Tuesday, June 25, 2013

Truth and Tolerance

Central to our heritage of substantial equality is the concept of absolute truth.  There must be absolute truth for there to be morality and functioning laws.  Our society is based on the idea that we are all equal under the law.  Laws legislate what is socially acceptable or moral for a group.  Recent events show that morality is slipping in today’s society.  Moral relativism, the concept that all ideas are equally right and should be given the same concern and value, does not allow for rule of law.  In a society without absolute truth cheating, stealing, murder, lying, and even rape cannot be discriminated against because there is no real right or wrong.  To a murderer his crime can be justified because of some interior decision once made that the taking of life was within his jurisdiction.  No true case can be made against such an argument without ceding that murder is wrong—always.  If murder be always wrong, then there must be an absolute truth that makes murder universally wrong.
This in turn relates to tolerance.  In a society where there is absolute truth the virtue of tolerance is something for which to strive.  It is a virtue that must be extolled.  Tolerance calls for friendly respect of another person’s views or behaviors.  In a world without absolute truth tolerance should be a byproduct and yet a lack of tolerance cannot be criminal for one’s view of tolerance is individual and therefore relative.  This leads to a focus made by the believers in absolute truth to be more tolerant and the relativists to cry for tolerance to be extended without returning the opinions or papers written.  Tolerance need not be acceptance, tolerance respects but need not condone.   

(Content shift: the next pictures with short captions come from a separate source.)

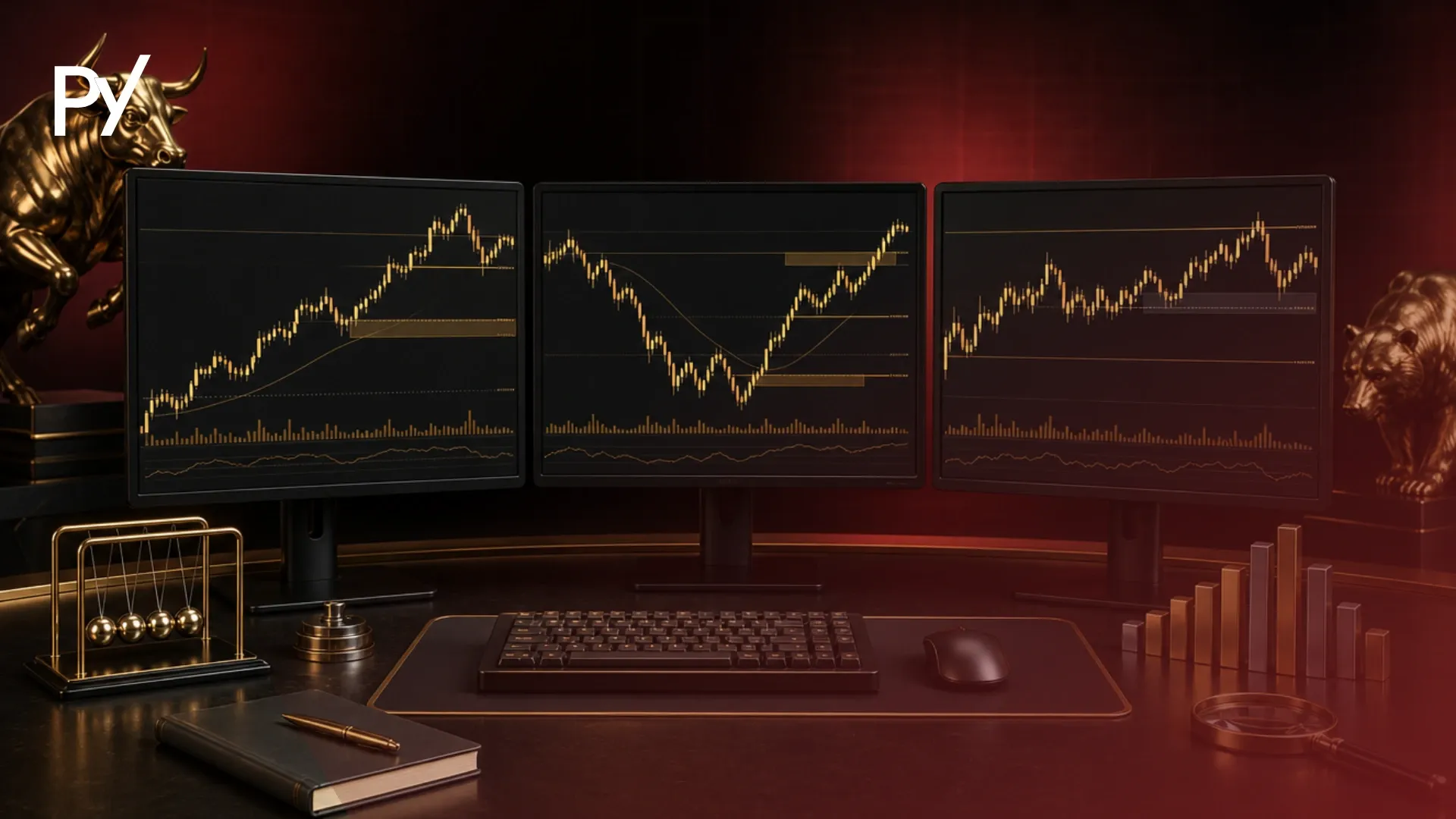 Conceptual cover illustration of multi-timeframe swing trading analysis using three synchronized price monitors.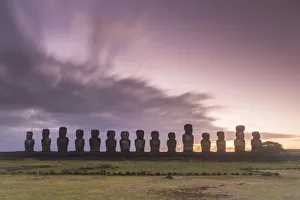 Moai heads of Easter Island, Rapa Nui National Park, UNESCO World Heritage Site
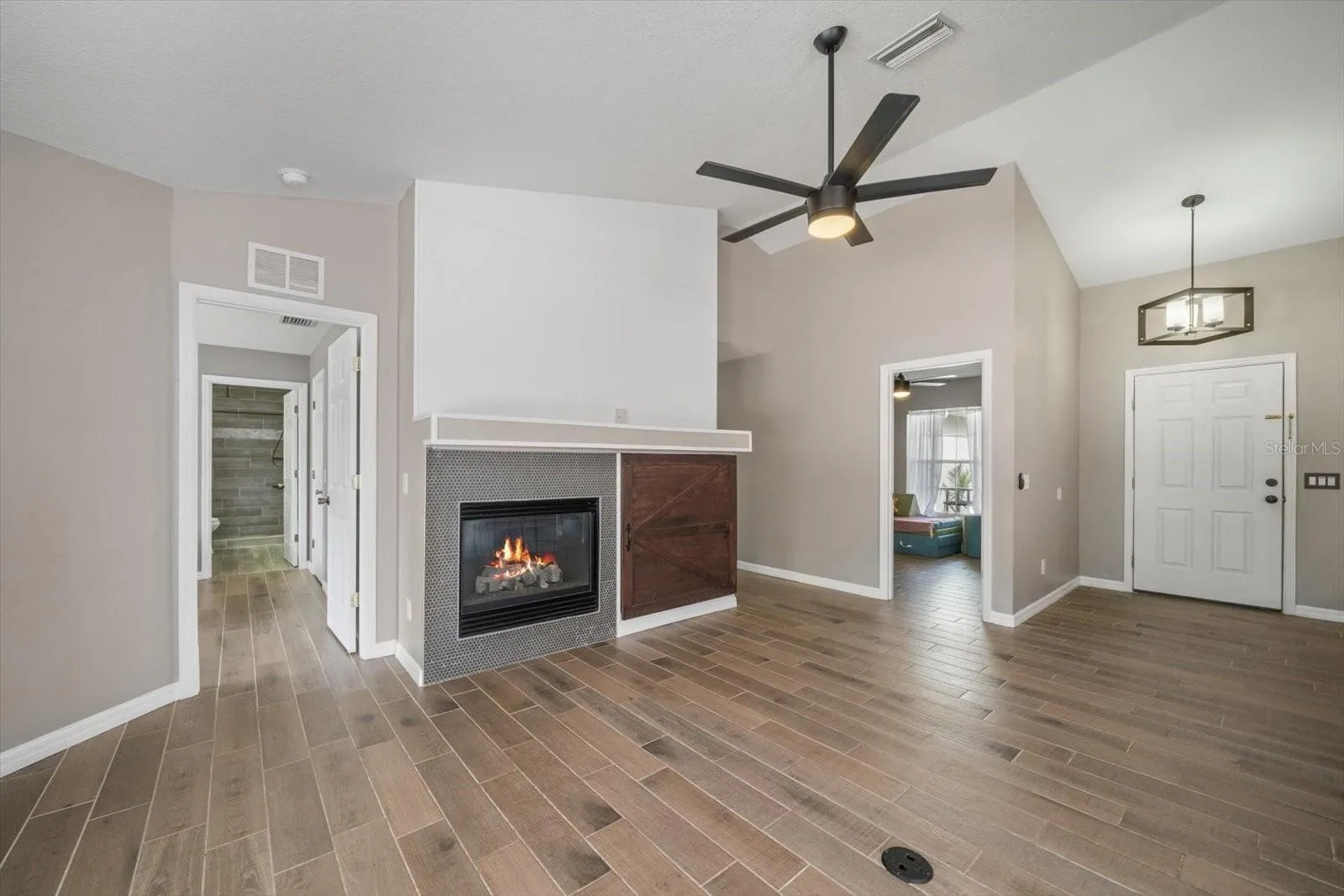 Living room with gas fireplace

                This is similar to Philippe Beneton’s definitions of substantial equality and equality by default.  Substantial equality requires absolute truth whereas equality by default allows for relativism.  After all equality by default would make any ideas of the same overall value and requires not tolerance but acceptance.  How can something that is right be merely tolerated, it must be condoned.  Similarly if there is absolute truth then tolerance must extend to those of opposing or dissimilar views but not at the cost of acceptance. It is argued that as a society Western Culture is moving towards equality by default and tolerance is being used to impose viewpoints upon people who are fundamentally opposed to certain ideologies.  This raises the questions: 1) can we restore to preeminence the traditional value of substantial equality and thereby restore tolerance to its proper sphere?  2) How can the ideology of equality by default and its attendant value of tolerance be overcome?  Without a suitable answer to these questions our society must crumble as it cannot survive under equality by default and the dual edged sword of tolerant acceptance.